-------- Data shown --------

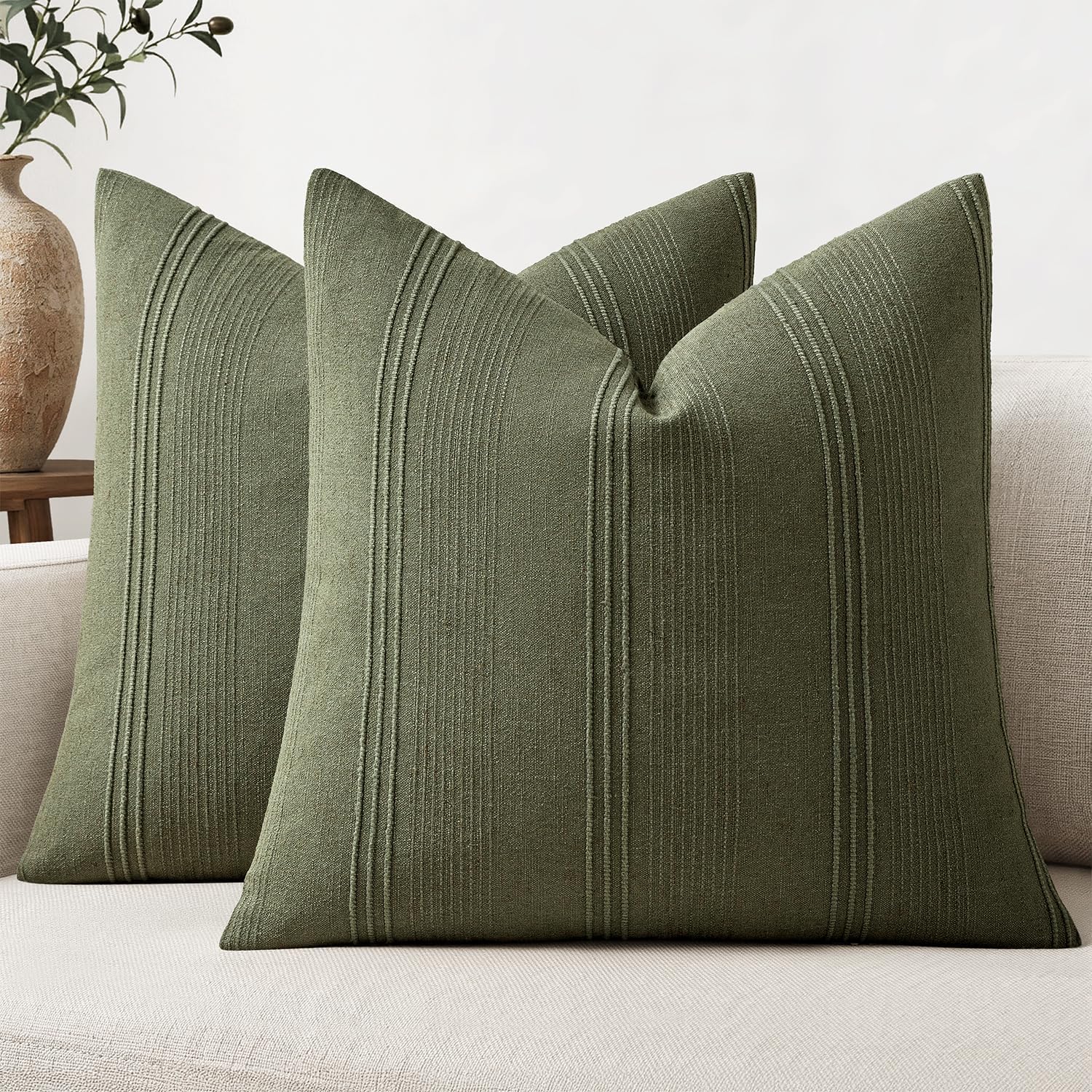 2-Pack Striped Linen Throw Pillow Covers, 20x20 Inches, Olive Green – Textured Farmhouse Cushion Cases for Couch, Sofa, Living Room, Bed
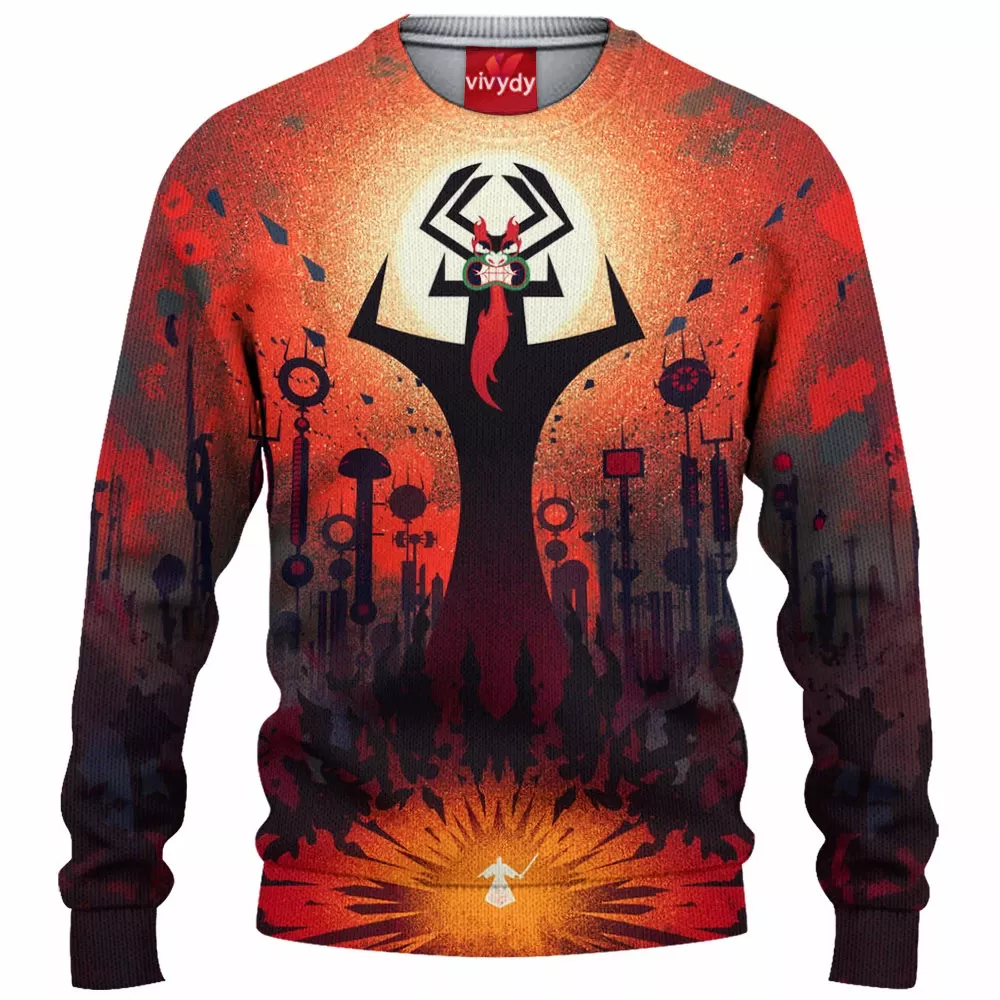 Samurai Jack And Aku Knitted Sweater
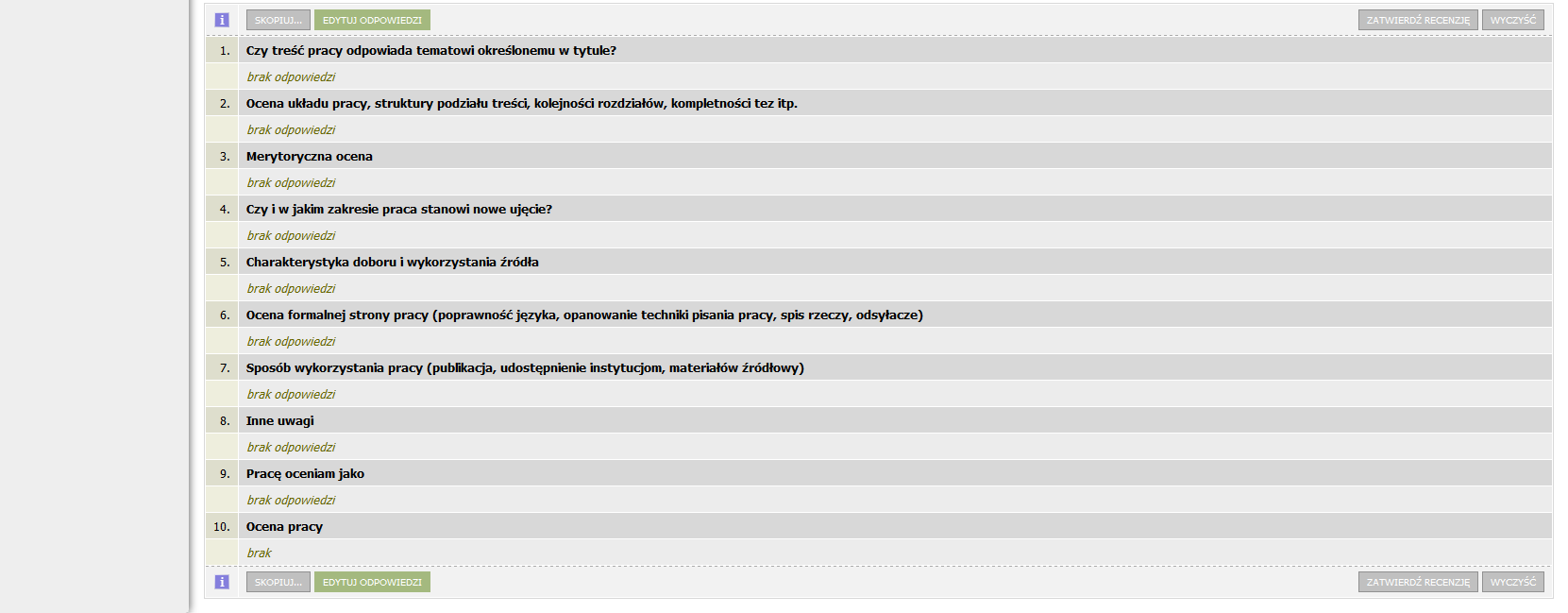 Na kolejnym ekranie wyświetli się Szkic recenzji.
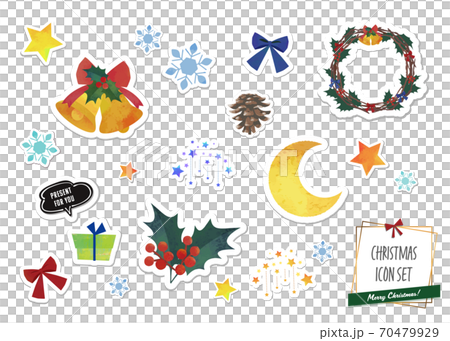 聖誕主題圖標集白色邊框摳圖貼紙白色背景 70479929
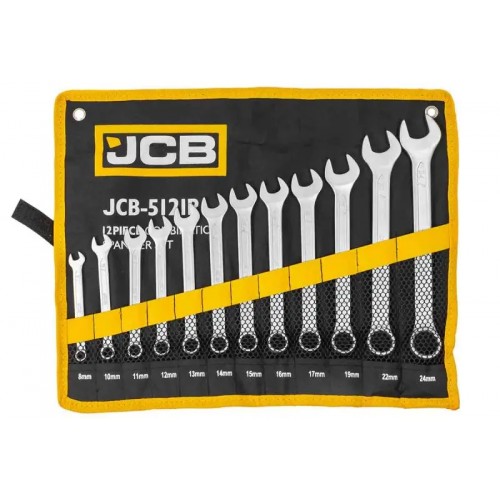 Набор ключей рожково-накидных JCB Tools в чехле, (8-24мм), 12од. JCB-5121P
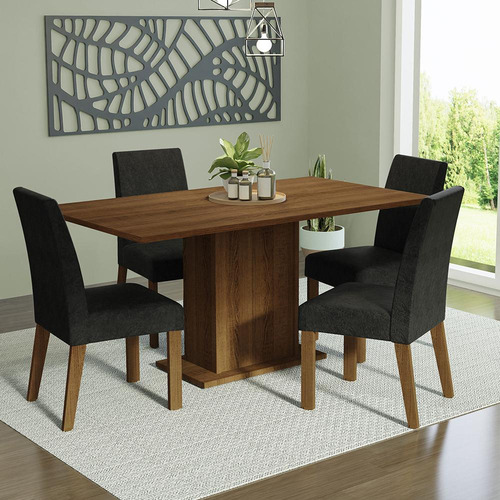 Juego De Comedor Con Mesa Y 4 Sillas Madesa Oxford Keila Mn2 Color Marron/Oxford Diseño de la tela de las sillas Liso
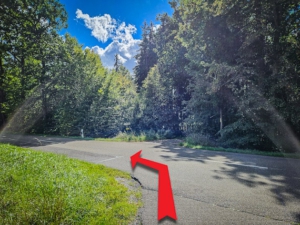 Auf die Landstraße Richtung Hornau einbiegen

--------

* [Problem statement]:
In the answer, give only the lines from the top of the data above through the line with "Juego De Comedor", reproduced exactly; no picture may appear.

* [Result of this exercise]:
 2-Pack Striped Linen Throw Pillow Covers, 20x20 Inches, Olive Green – Textured Farmhouse Cushion Cases for Couch, Sofa, Living Room, Bed
 Samurai Jack And Aku Knitted Sweater
 Na kolejnym ekranie wyświetli się Szkic recenzji.
 聖誕主題圖標集白色邊框摳圖貼紙白色背景 70479929
 Набор ключей рожково-накидных JCB Tools в чехле, (8-24мм), 12од. JCB-5121P
 Juego De Comedor Con Mesa Y 4 Sillas Madesa Oxford Keila Mn2 Color Marron/Oxford Diseño de la tela de las sillas Liso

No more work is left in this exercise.